*What you should do*.
With pictures removed, output every record below exactly as written.

*Data under study*.
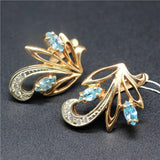 Purple Inlaid Gemstone Rose Earrings Plated 14K Wedding Charm Jewelry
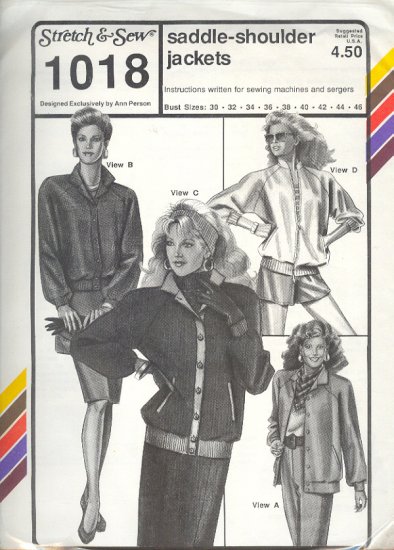 Stretch & Sew Sewing Pattern 1018 Saddle Shoulder Jackets, bust size 30 - 46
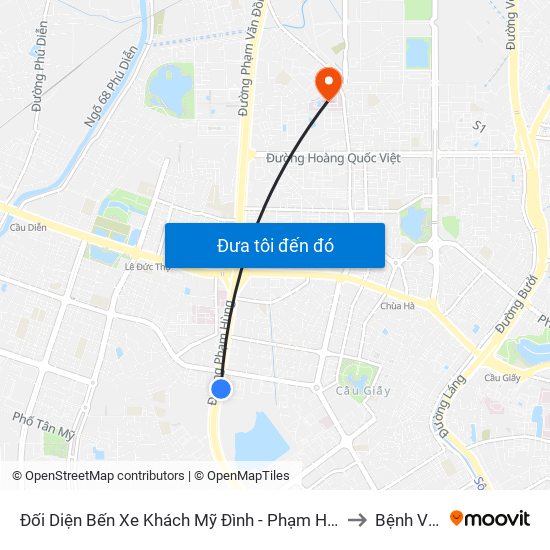 Đối Diện Bến Xe Khách Mỹ Đình - Phạm Hùng (Cột Trước) to Bệnh Viện E map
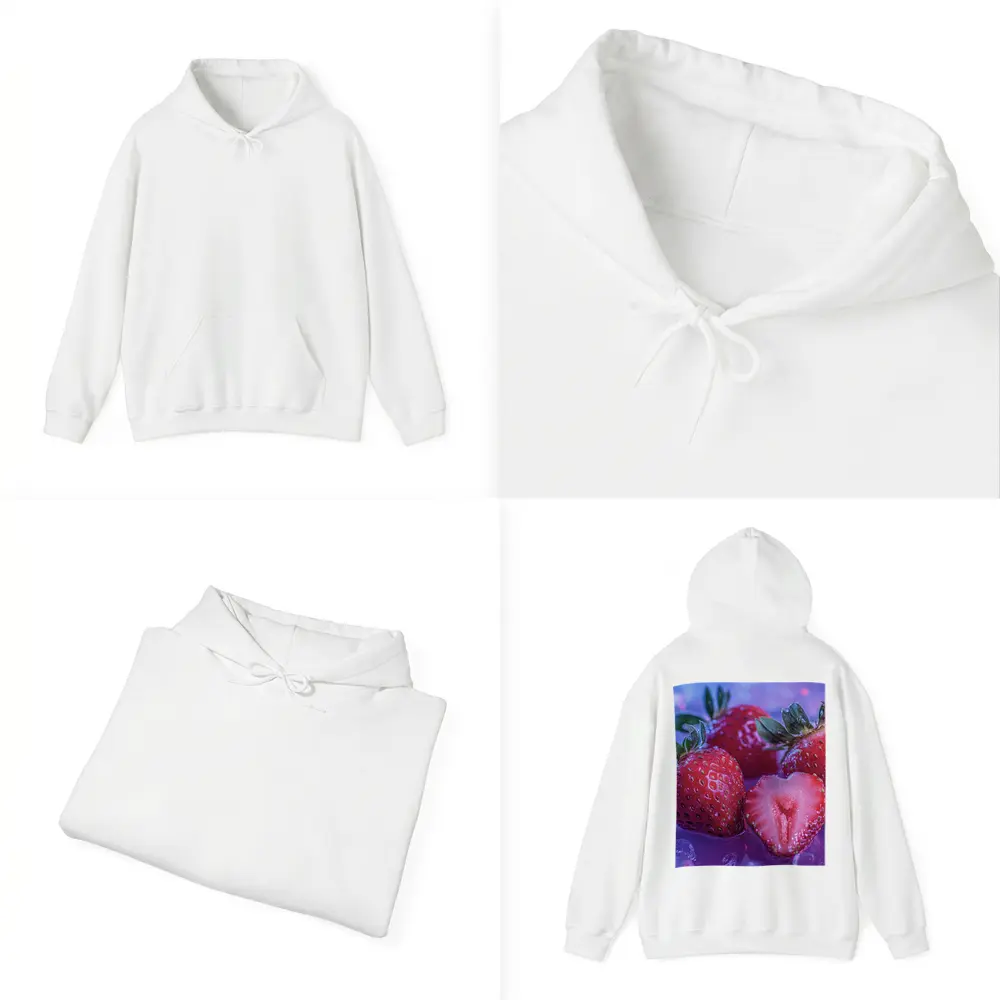 Fresh Strawberries on Blue Purple Background – Hoodies
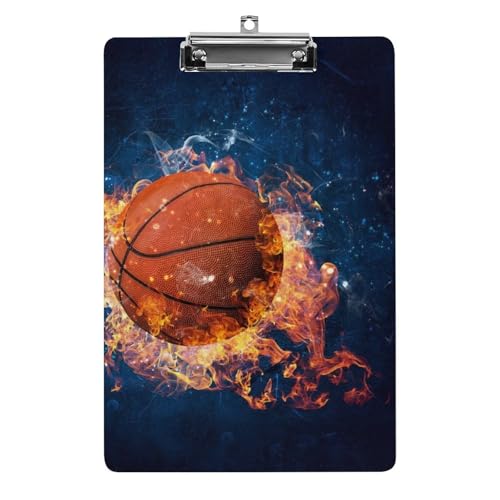 Feuer Basketball Klemmbrett A4 Schreibbrett Pad Halter Für Büro Klassenzimmer Restaurants von NYKVTG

*Result of this exercise*.
 Purple Inlaid Gemstone Rose Earrings Plated 14K Wedding Charm Jewelry
 Stretch & Sew Sewing Pattern 1018 Saddle Shoulder Jackets, bust size 30 - 46
 Đối Diện Bến Xe Khách Mỹ Đình - Phạm Hùng (Cột Trước) to Bệnh Viện E map
 Fresh Strawberries on Blue Purple Background – Hoodies
 Feuer Basketball Klemmbrett A4 Schreibbrett Pad Halter Für Büro Klassenzimmer Restaurants von NYKVTG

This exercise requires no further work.